For the most part, the Malay population remained in the countryside and were only gradually drawn into the modern economy. But by the 1920s Malay nationalism was on the rise, partly prompted by the Islamic reform movement and partly by intellectuals in secular circles who looked to the creation of a Greater Malaysia (or Greater Indonesia), under the influence of left-wing Indonesian nationalists. These Malay nationalists were as critical of the Malay élite as they were of the British colonialists. The élite itself was becoming increasingly outspoken for different reasons – it felt threatened by the growing demands of Straits-born Chinese and second-generation Indians for equal rights.

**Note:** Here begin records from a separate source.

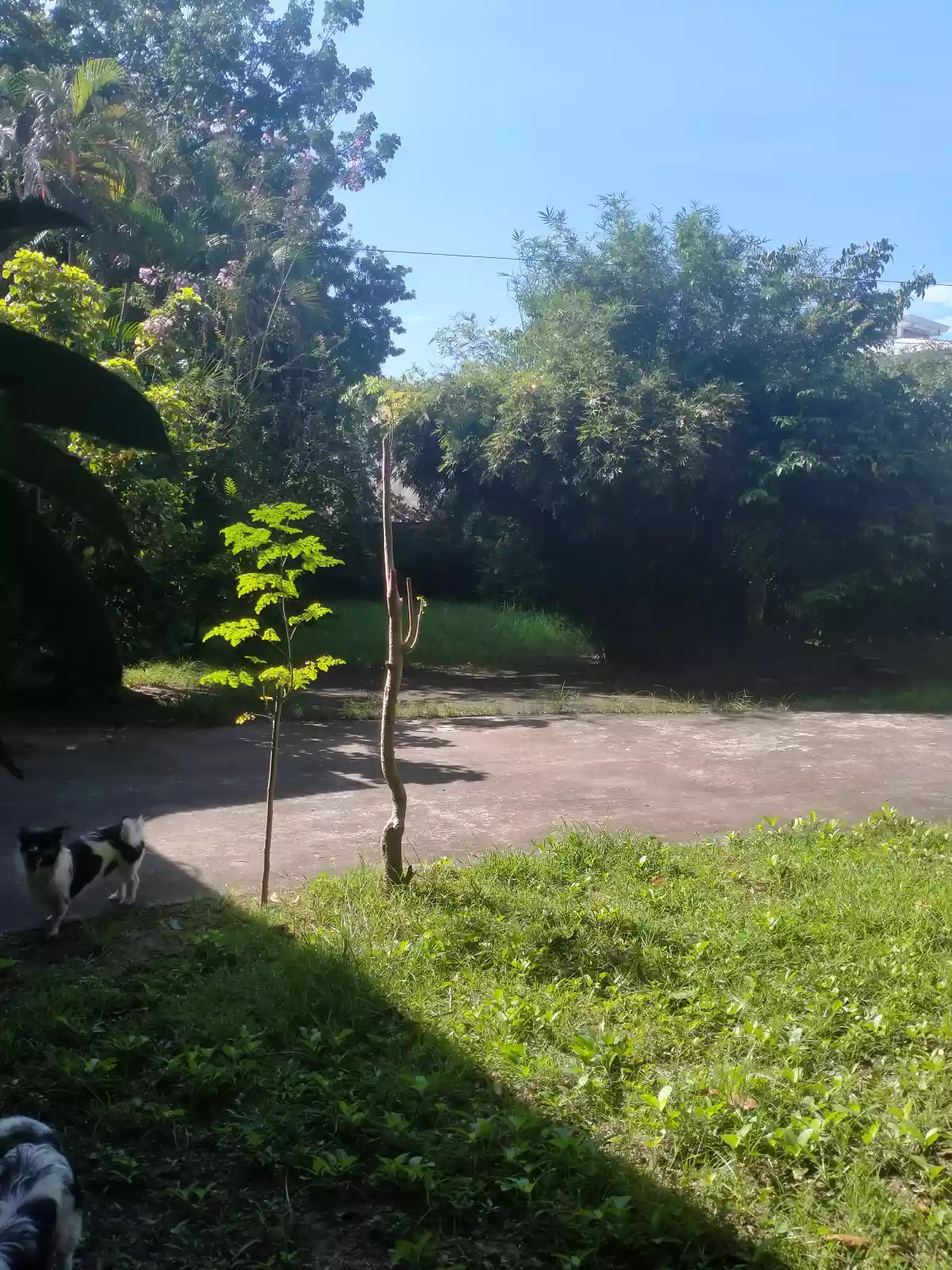 Affordable Clean title House and Lot for Sale in Bantayan, Dumaguete City, near ABC gym — House and Lot in D. B. Catapusan Street, Dumaguete, Negros Oriental — Photo 5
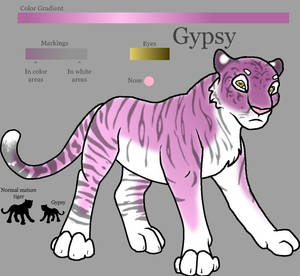 Gypsy - Tiger OC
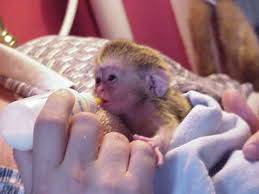 Macaco sagui pigmeu disponvel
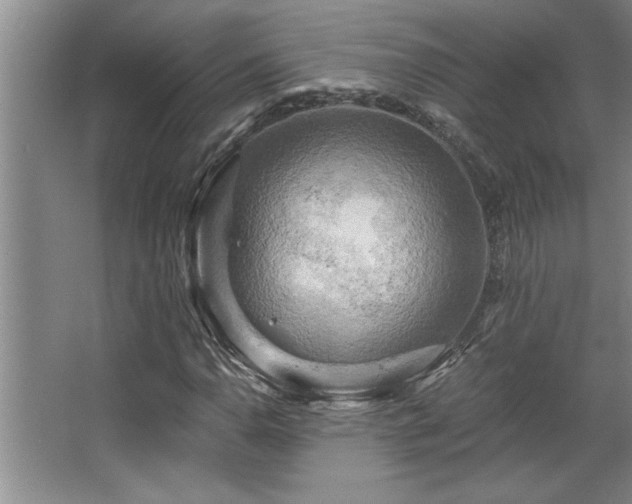 X0000068751110200604281158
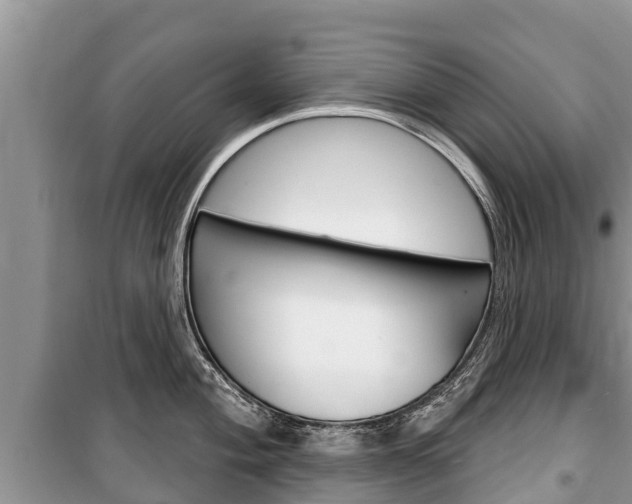 X0000100471004200806130750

The first semi-political nationalist movement was the Kesatuan Melayu Singapura (Singapore Malay Union), formed in 1926. The Union found early support in the Straits Settlements where Malays were outnumbered and there was no sultan. They gradually spread across the peninsula and held a pan-Malayan conference in 1939. These associations were the forerunners of the post-war Malay nationalist movement. In the run-up to the Second World War the left wing split off to form the Kesatuan Melayu Muda – the Union of Young Malays, which was strongly anti-British and whose leaders were arrested by the colonial authorities in 1940. The Chinese were more interested in business than politics and any political interests were focused on China. The middle class supported the Chinese nationalist Kuomintang (KMT), although it was eventually banned by the British, as it was becoming an obvious focus of anti-colonial sentiment. The KMT allowed communists to join the movement until 1927, but in 1930 they split off to form the Malayan Communist Party (MCP) which drew its support from the working class.